PROBLEM STATEMENT =>
Omitting the images, transcribe the records below exactly as they stand.

(Saved data entries)
-.-.-
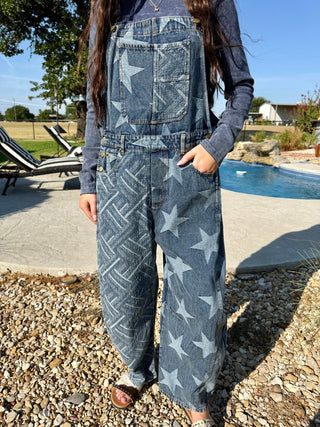 Star Spangled Patchwork Denim Barrel Overalls- Small-3X - Barbwire n Bougie Boutique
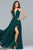 Faviana - 7747 Illusion Plunging Neck Strappy Open Back Chiffon Dress Prom Dresses 00 / Evergreen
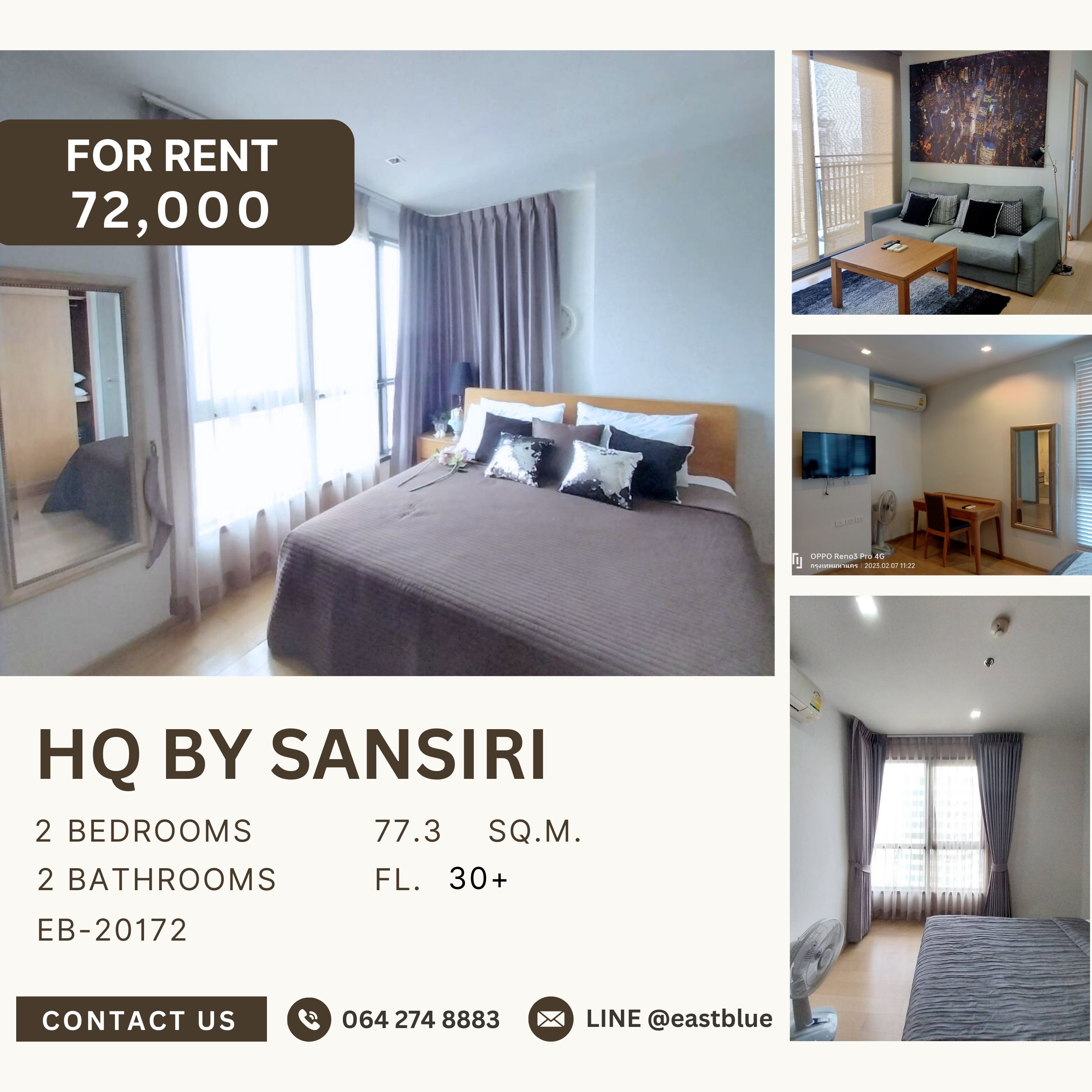 ให้เช่าคอนโดสุขุมวิท อโศก ทองหล่อ : HQ By Sansiri, 2 bed, 72000 per month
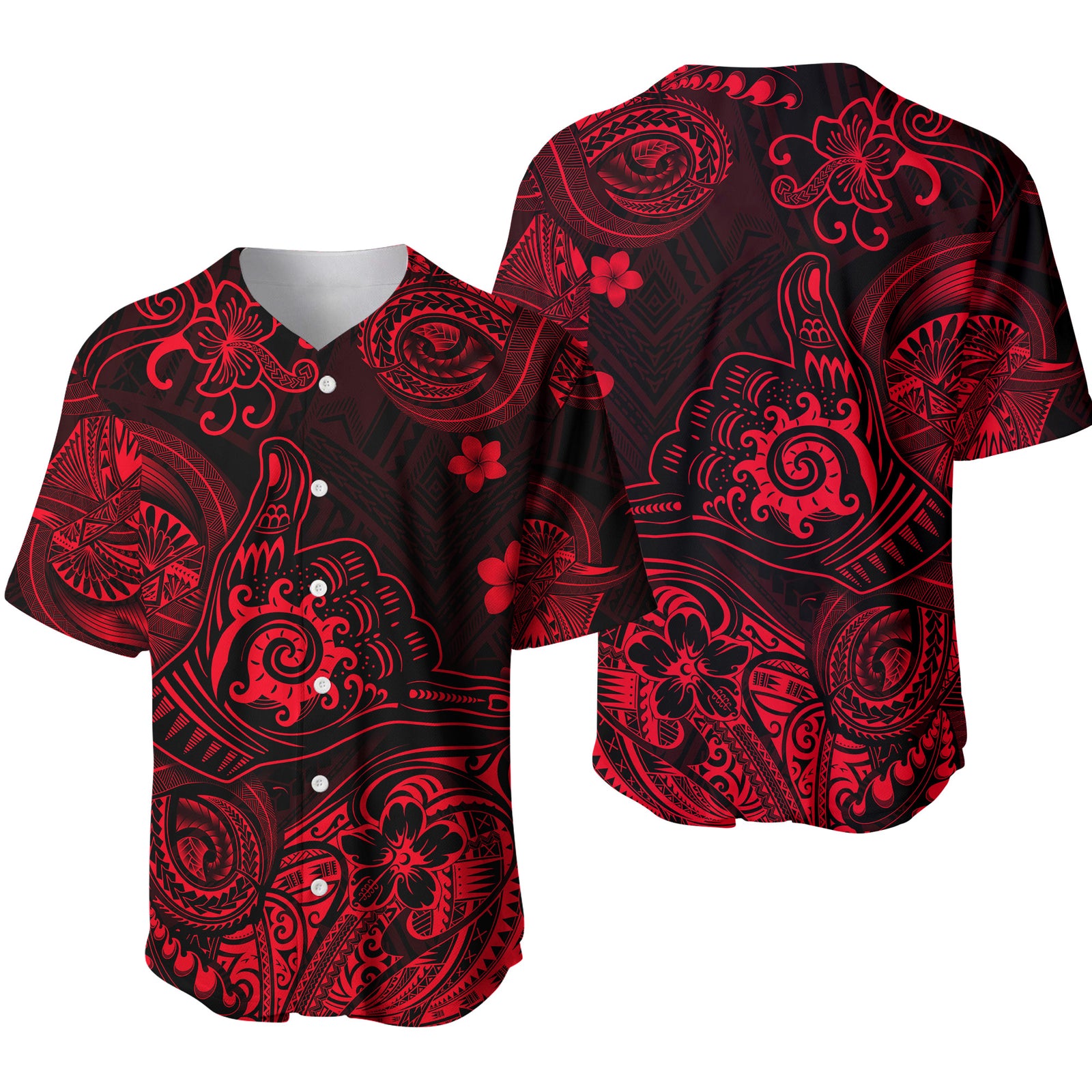 Hawaii Shaka Polynesian Baseball Jersey Unique Style - Red LT8 - Polynesian Pride
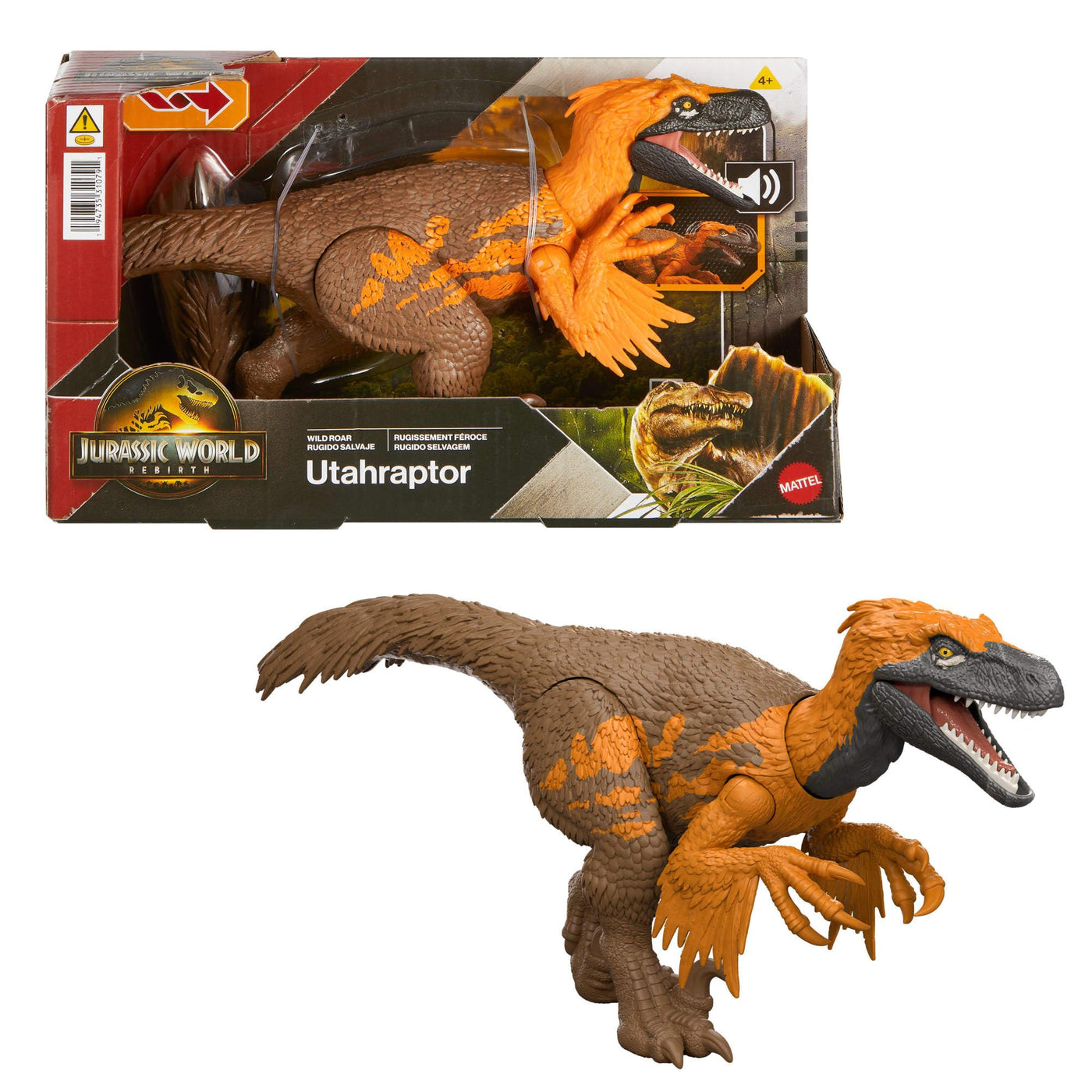 Mattel Jurassic World: Die Wiedergeburt Wild Roar Utahraptor Dinosaurierspielzeug mit steuerbarem Beiß-Angriff in mehrere Richtungen und Brüllgeräusch, beweglich, Spielmöglichkeiten, JGC80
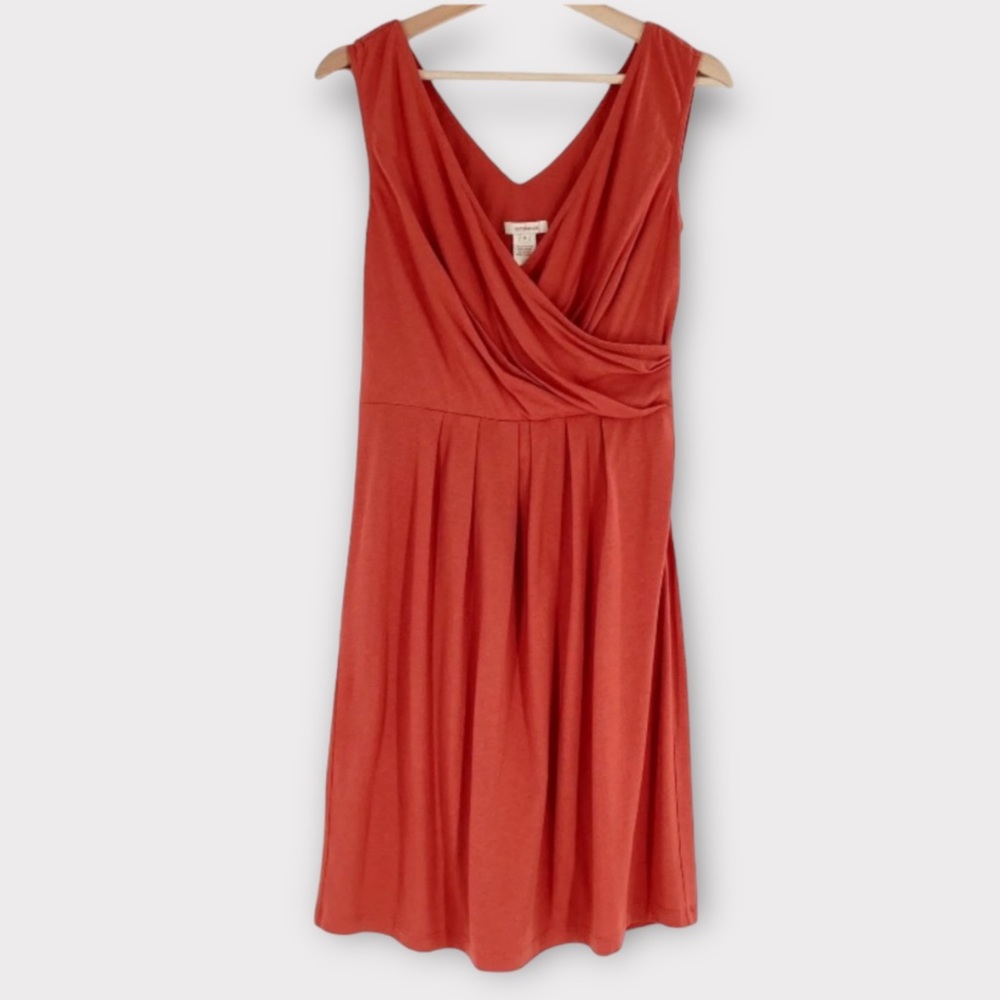 Sundance Women’s Terra Cotta Dress Size 10 Surplice Neckline Casual Feminine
-.-.-
RESULT =>
 Star Spangled Patchwork Denim Barrel Overalls- Small-3X - Barbwire n Bougie Boutique
 Faviana - 7747 Illusion Plunging Neck Strappy Open Back Chiffon Dress Prom Dresses 00 / Evergreen
 ให้เช่าคอนโดสุขุมวิท อโศก ทองหล่อ : HQ By Sansiri, 2 bed, 72000 per month
 Hawaii Shaka Polynesian Baseball Jersey Unique Style - Red LT8 - Polynesian Pride
 Mattel Jurassic World: Die Wiedergeburt Wild Roar Utahraptor Dinosaurierspielzeug mit steuerbarem Beiß-Angriff in mehrere Richtungen und Brüllgeräusch, beweglich, Spielmöglichkeiten, JGC80
 Sundance Women’s Terra Cotta Dress Size 10 Surplice Neckline Casual Feminine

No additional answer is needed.